On 25.07.19 11:18, Vladimir Sementsov-Ogievskiy wrote:
> On reopen to rw parent may need rw access to child in .prepare, for
> example qcow2 needs to write IN_USE flags into stored bitmaps
> (currently it is done in a hacky way after commit and don't work).
> So, let's introduce such logic.
> 
> The drawback is that in worst case bdrv_reopen_set_read_only may finish
> with error and in some intermediate state: some nodes reopened RW and
> some are not. But this is a way to fix bug around reopening qcow2
> bitmaps in the following commits.

This commit message doesn’t really explain what this patch does.

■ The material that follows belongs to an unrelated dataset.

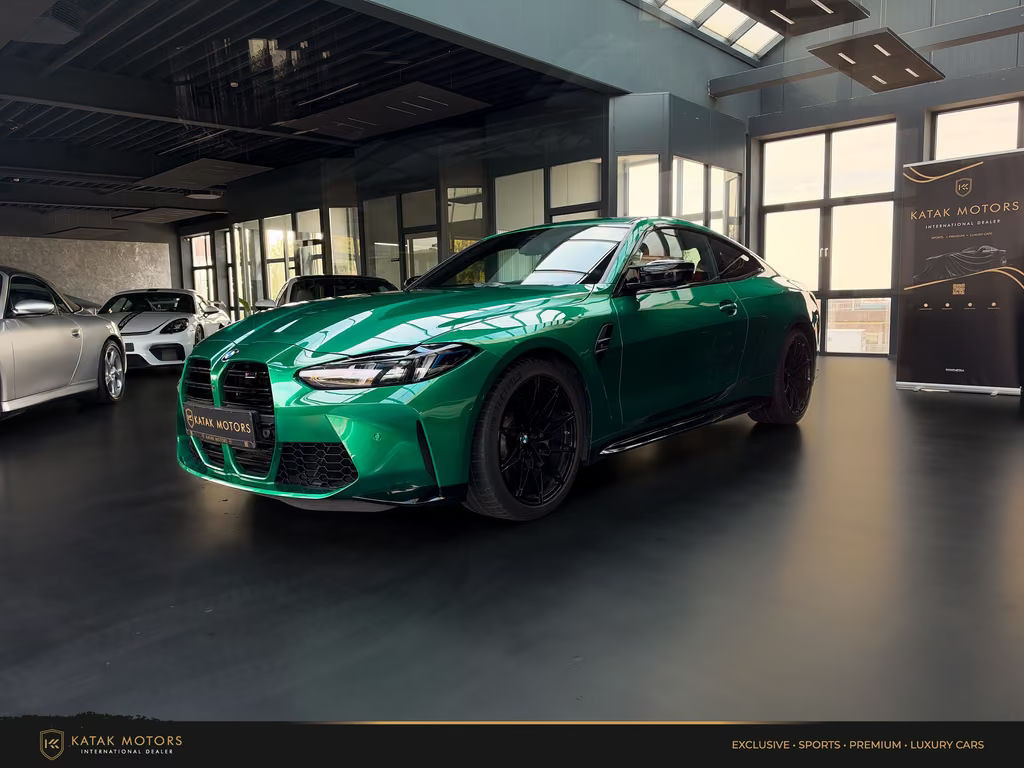 BMW M4 xDrive Competition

> Signed-off-by: Vladimir Sementsov-Ogievskiy <vsement...@virtuozzo.com>
> ---
>  include/block/block_int.h |   2 +
>  block.c                   | 144 ++++++++++++++++++++++++++++++++++----
>  2 files changed, 133 insertions(+), 13 deletions(-)
> 
> diff --git a/include/block/block_int.h b/include/block/block_int.h
> index 3aa1e832a8..7bd6fd68dd 100644
> --- a/include/block/block_int.h
> +++ b/include/block/block_int.h
> @@ -531,6 +531,8 @@ struct BlockDriver {
>                               uint64_t parent_perm, uint64_t parent_shared,
>                               uint64_t *nperm, uint64_t *nshared);
>  
> +     bool (*bdrv_need_rw_file_child_during_reopen_rw)(BlockDriverState *bs);
> +
>      /**
>       * Bitmaps should be marked as 'IN_USE' in the image on reopening image
>       * as rw. This handler should realize it. It also should unset readonly
> diff --git a/block.c b/block.c
> index cbd8da5f3b..3c8e1c59b4 100644
> --- a/block.c
> +++ b/block.c
> @@ -1715,10 +1715,12 @@ static void bdrv_get_cumulative_perm(BlockDriverState 
> *bs, uint64_t *perm,
>                                       uint64_t *shared_perm);
>  
>  typedef struct BlockReopenQueueEntry {
> -     bool prepared;
> -     bool perms_checked;
> -     BDRVReopenState state;
> -     QSIMPLEQ_ENTRY(BlockReopenQueueEntry) entry;
> +    bool reopened_file_child_rw;
> +    bool changed_file_child_perm_rw;
> +    bool prepared;
> +    bool perms_checked;
> +    BDRVReopenState state;
> +    QSIMPLEQ_ENTRY(BlockReopenQueueEntry) entry;
>  } BlockReopenQueueEntry;
>  
>  /*
> @@ -3421,6 +3423,105 @@ BlockReopenQueue *bdrv_reopen_queue(BlockReopenQueue 
> *bs_queue,
>                                     keep_old_opts);
>  }
>  
> +static int bdrv_reopen_set_read_only_drained(BlockDriverState *bs,
> +                                             bool read_only,
> +                                             Error **errp)
> +{
> +    BlockReopenQueue *queue;
> +    QDict *opts = qdict_new();
> +
> +    qdict_put_bool(opts, BDRV_OPT_READ_ONLY, read_only);
> +
> +    queue = bdrv_reopen_queue(NULL, bs, opts, true);
> +
> +    return bdrv_reopen_multiple(queue, errp);
> +}
> +
> +/*
> + * handle_recursive_reopens
> + *
> + * On fail it needs rollback_recursive_reopens to be called.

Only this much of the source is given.